Collected data:

Segment Open

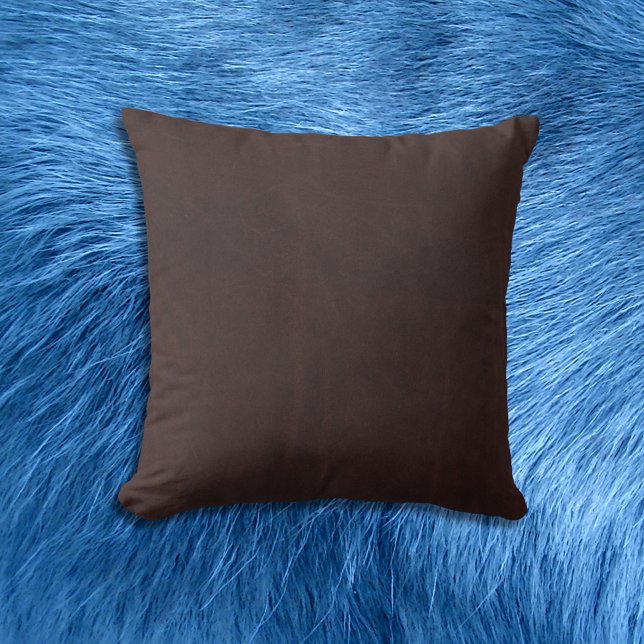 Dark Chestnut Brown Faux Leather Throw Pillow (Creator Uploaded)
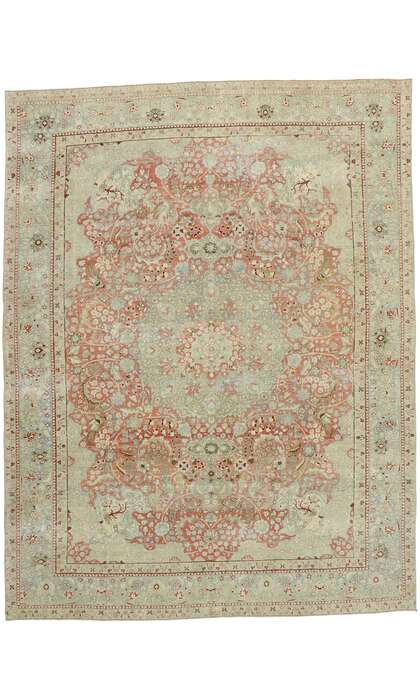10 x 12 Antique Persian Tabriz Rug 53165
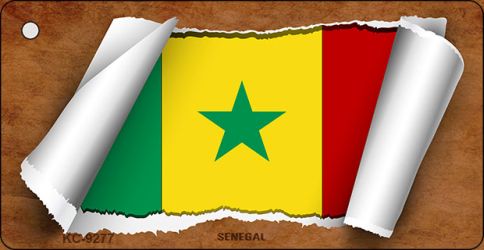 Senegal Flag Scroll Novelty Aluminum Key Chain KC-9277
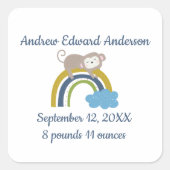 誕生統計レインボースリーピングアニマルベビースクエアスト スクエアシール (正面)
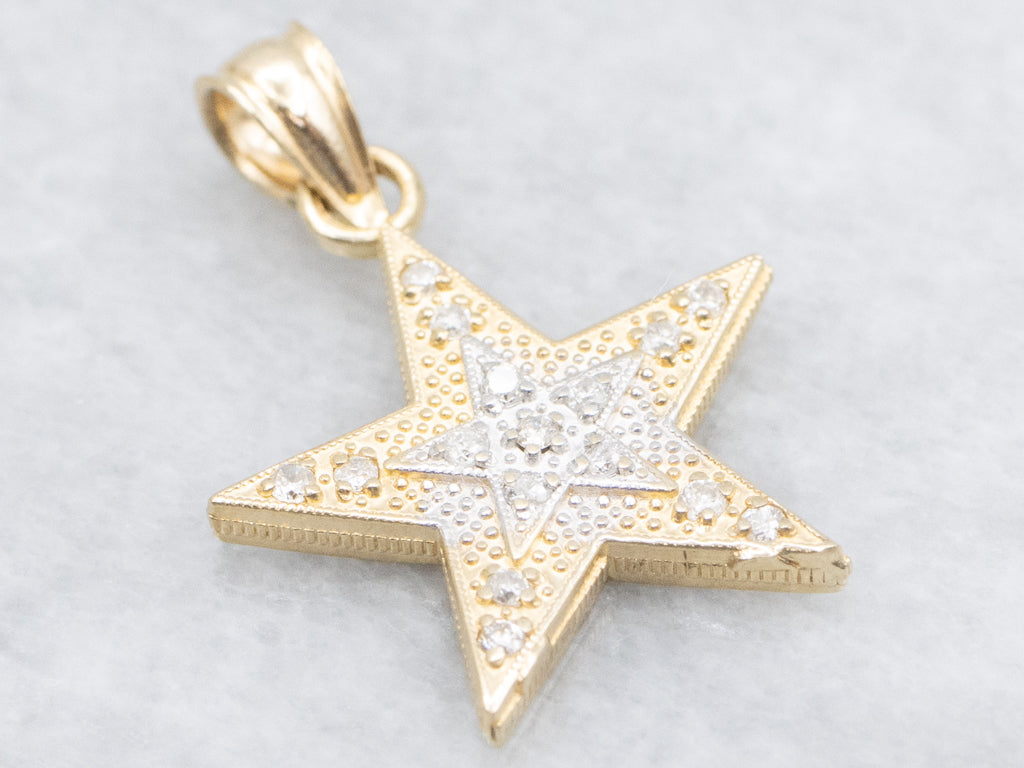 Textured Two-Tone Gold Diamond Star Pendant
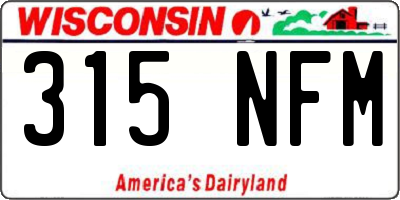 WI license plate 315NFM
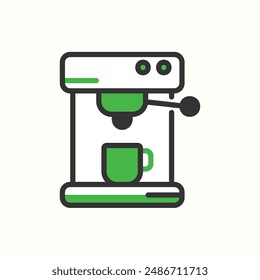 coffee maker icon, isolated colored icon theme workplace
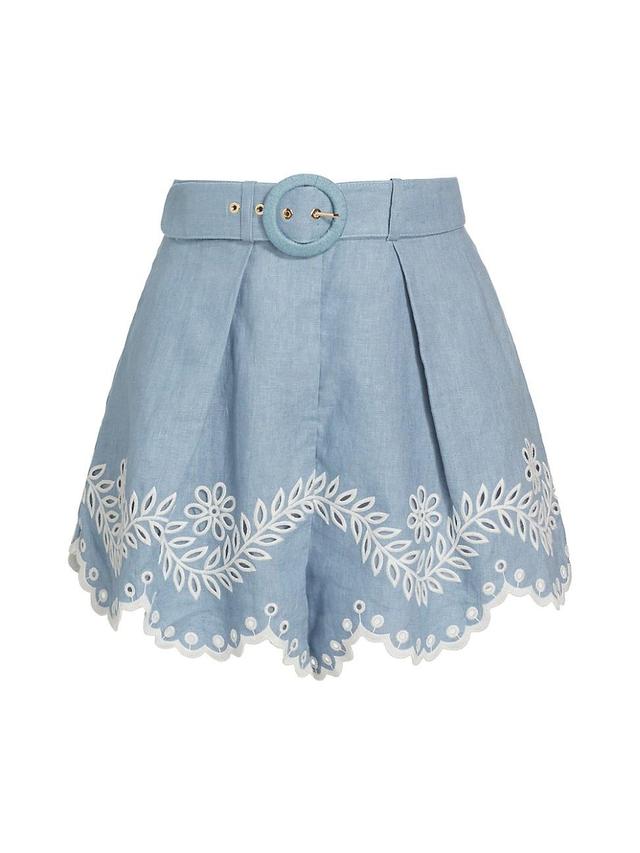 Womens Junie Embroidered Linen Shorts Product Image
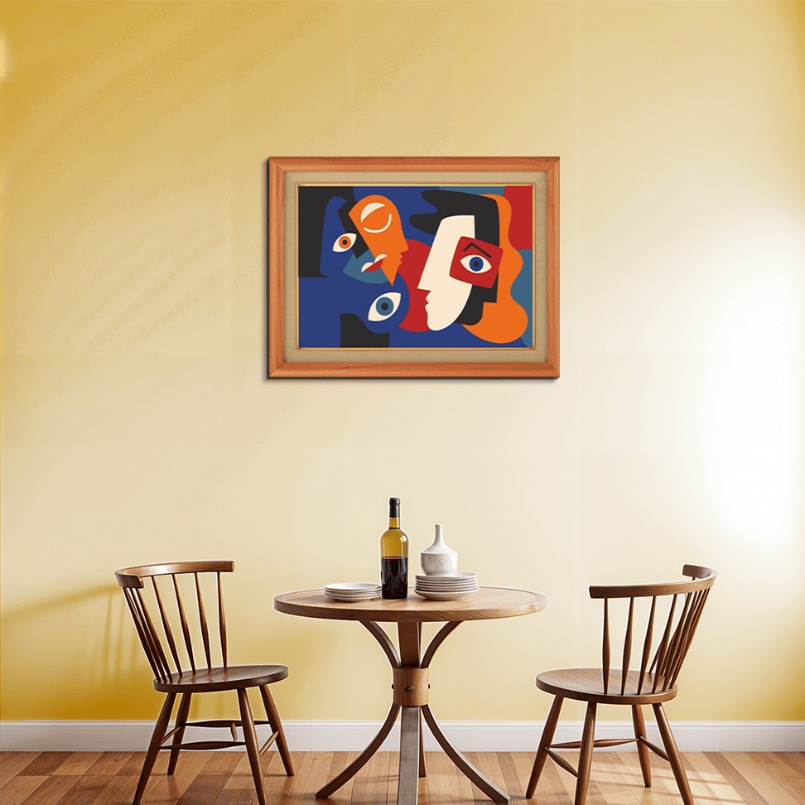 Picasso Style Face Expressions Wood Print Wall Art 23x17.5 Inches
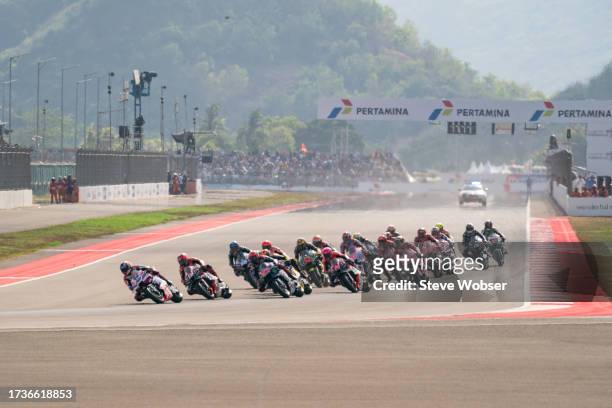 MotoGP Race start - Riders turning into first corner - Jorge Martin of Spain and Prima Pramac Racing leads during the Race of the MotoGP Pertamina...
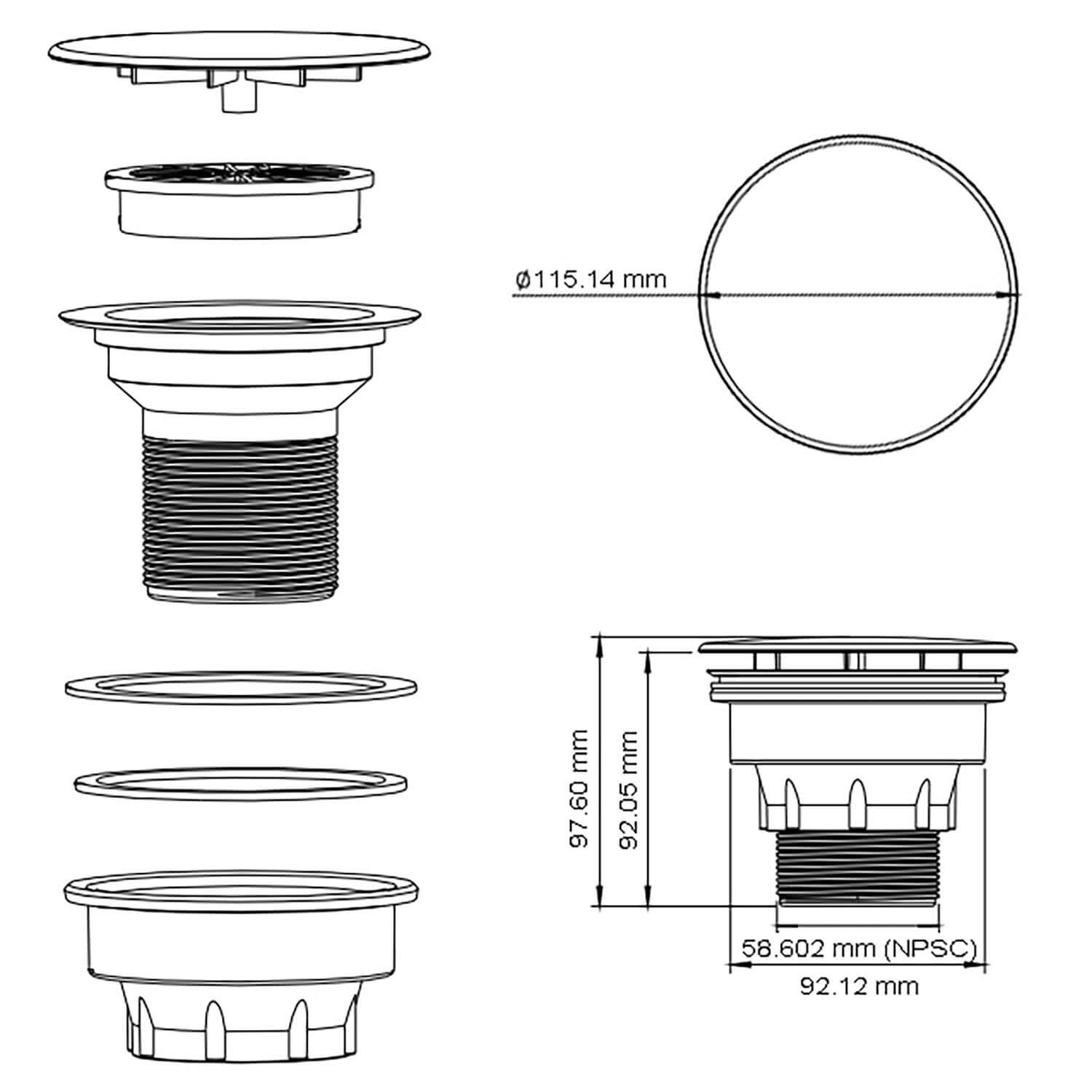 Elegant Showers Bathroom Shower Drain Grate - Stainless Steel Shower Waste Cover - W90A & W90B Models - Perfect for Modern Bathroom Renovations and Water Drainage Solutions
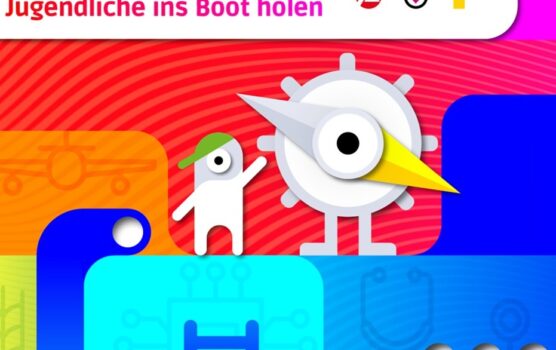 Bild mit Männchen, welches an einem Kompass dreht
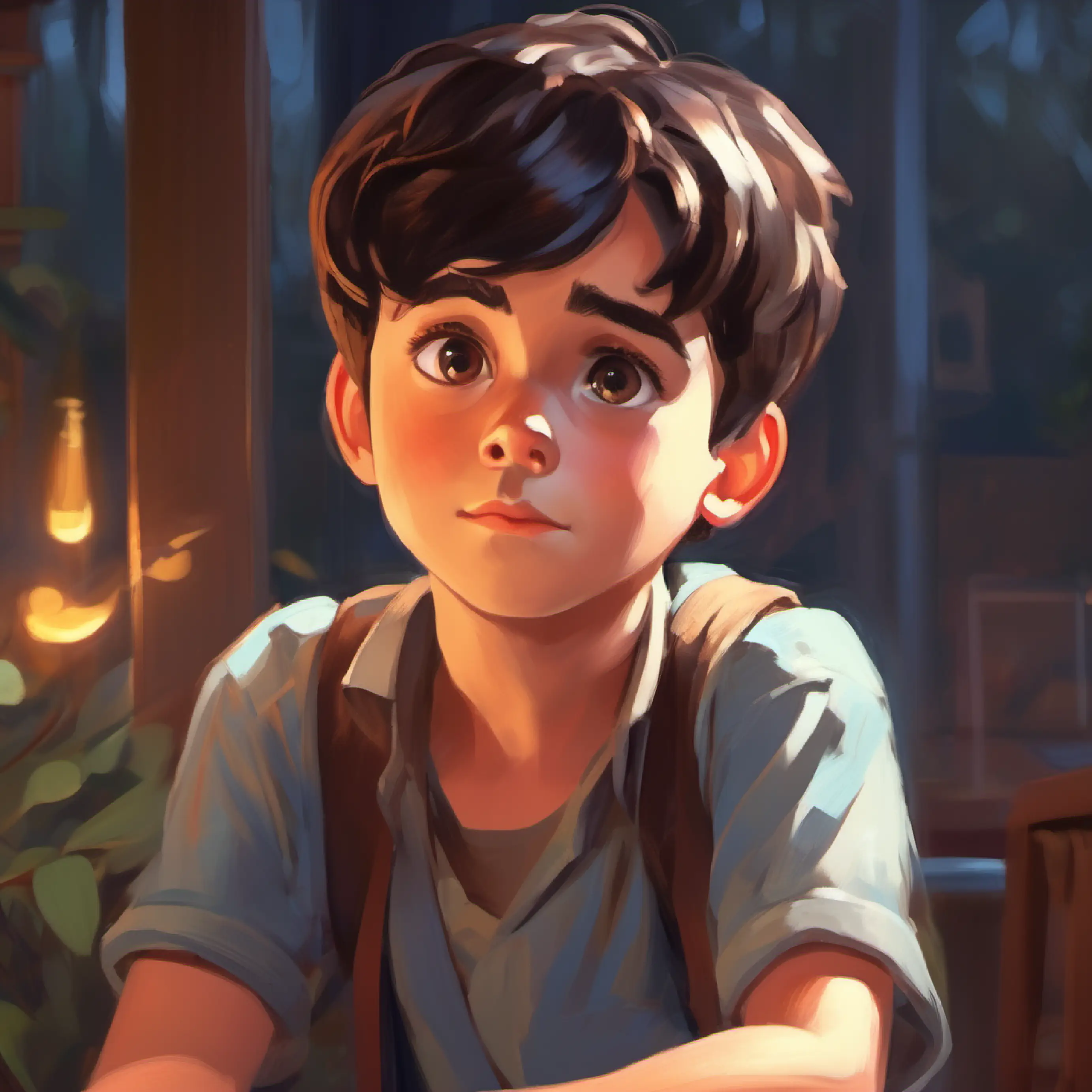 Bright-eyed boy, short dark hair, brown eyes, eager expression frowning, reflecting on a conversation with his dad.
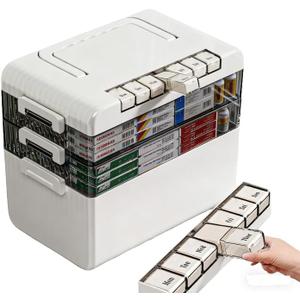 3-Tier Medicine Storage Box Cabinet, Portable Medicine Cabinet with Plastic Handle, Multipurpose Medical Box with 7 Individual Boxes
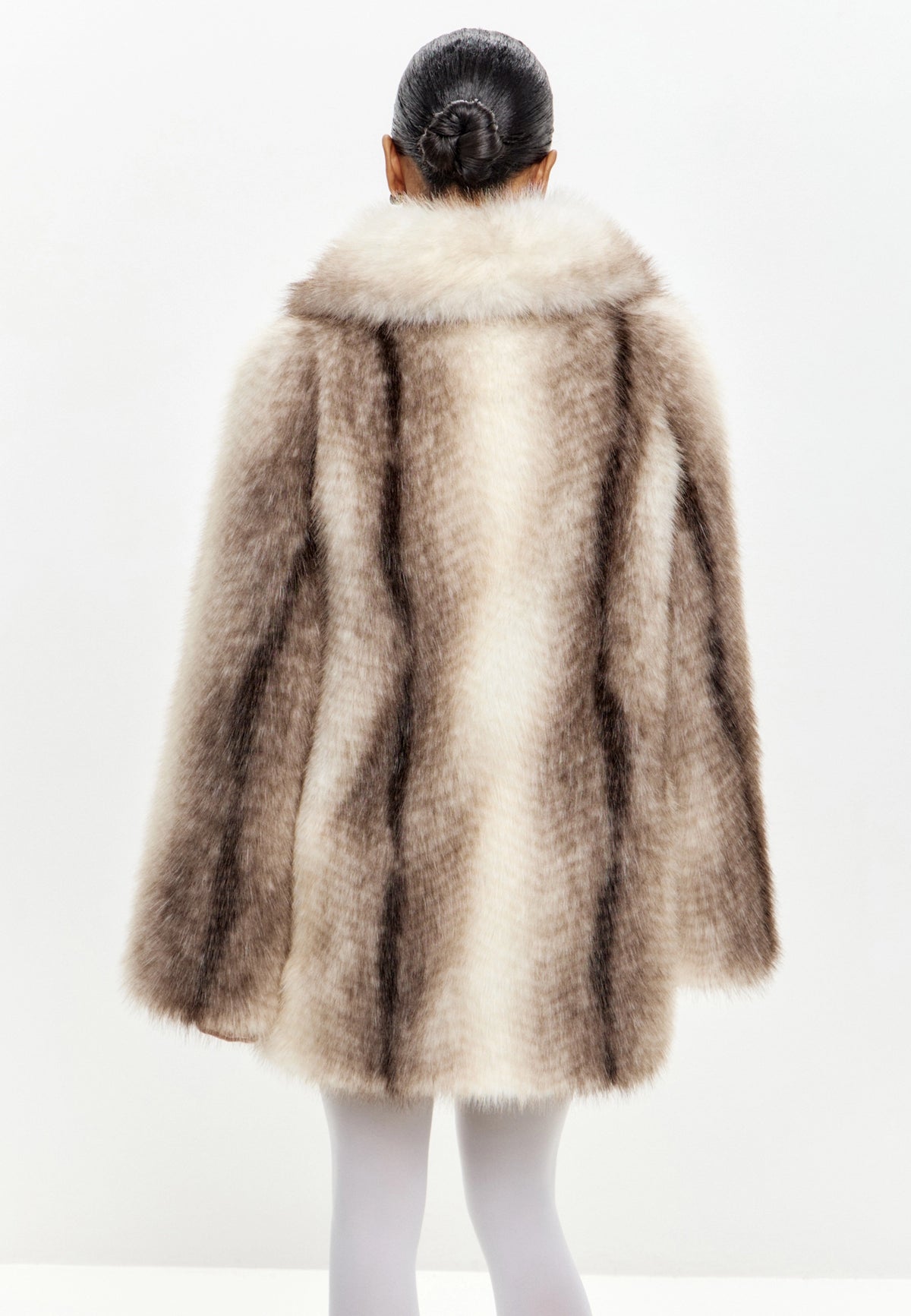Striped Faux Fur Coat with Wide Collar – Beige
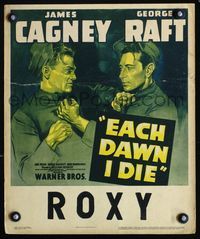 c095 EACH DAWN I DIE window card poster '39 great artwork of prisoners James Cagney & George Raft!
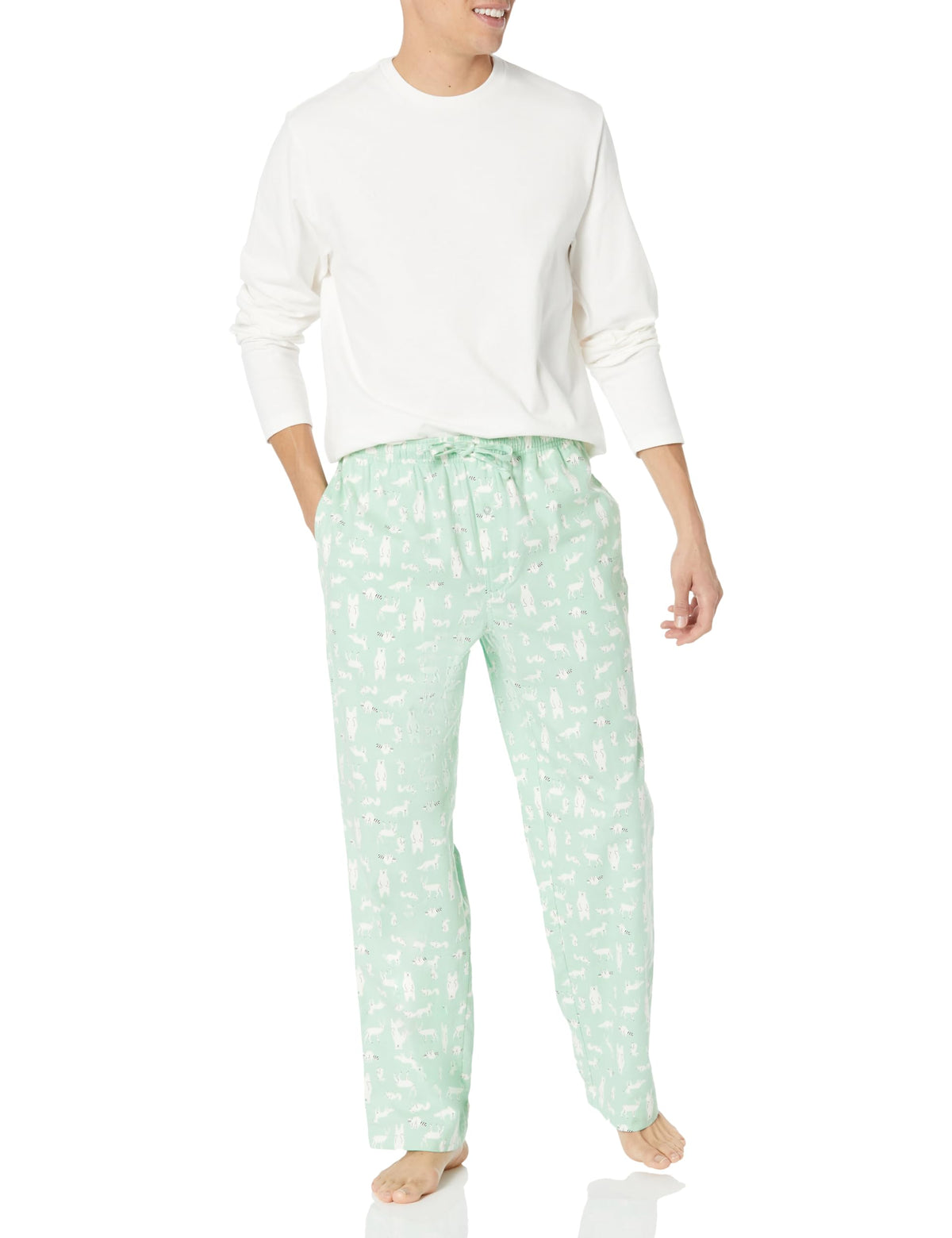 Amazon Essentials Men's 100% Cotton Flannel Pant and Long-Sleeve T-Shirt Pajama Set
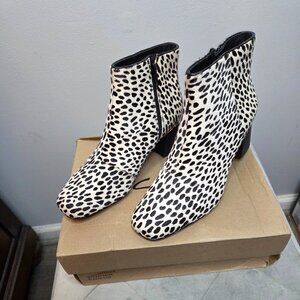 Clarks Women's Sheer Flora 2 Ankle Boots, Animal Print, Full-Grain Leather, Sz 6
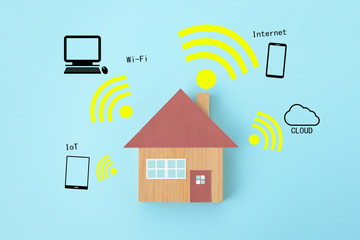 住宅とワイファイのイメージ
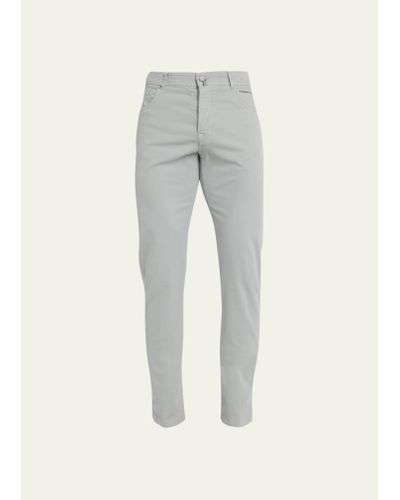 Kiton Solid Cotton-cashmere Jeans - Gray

Segment Closed

- WHAT IS BEING ASKED
Copy the entries above exactly, but only the stretch from the line containing "Womens Junie Embroidered" through the line containing "住宅とワイファイのイメージ". Keep both end lines; drop the pictures.

- TASK ANSWER
 Womens Junie Embroidered Linen Shorts Product Image
 Picasso Style Face Expressions Wood Print Wall Art 23x17.5 Inches
 MotoGP Race start - Riders turning into first corner - Jorge Martin of Spain and Prima Pramac Racing leads during the Race of the MotoGP Pertamina...
 Elegant Showers Bathroom Shower Drain Grate - Stainless Steel Shower Waste Cover - W90A & W90B Models - Perfect for Modern Bathroom Renovations and Water Drainage Solutions
 Bild mit Männchen, welches an einem Kompass dreht
 Bright-eyed boy, short dark hair, brown eyes, eager expression frowning, reflecting on a conversation with his dad.
 3-Tier Medicine Storage Box Cabinet, Portable Medicine Cabinet with Plastic Handle, Multipurpose Medical Box with 7 Individual Boxes
Striped Faux Fur Coat with Wide Collar – Beige
 c095 EACH DAWN I DIE window card poster '39 great artwork of prisoners James Cagney & George Raft!
 Amazon Essentials Men's 100% Cotton Flannel Pant and Long-Sleeve T-Shirt Pajama Set
 Clarks Women's Sheer Flora 2 Ankle Boots, Animal Print, Full-Grain Leather, Sz 6
 住宅とワイファイのイメージ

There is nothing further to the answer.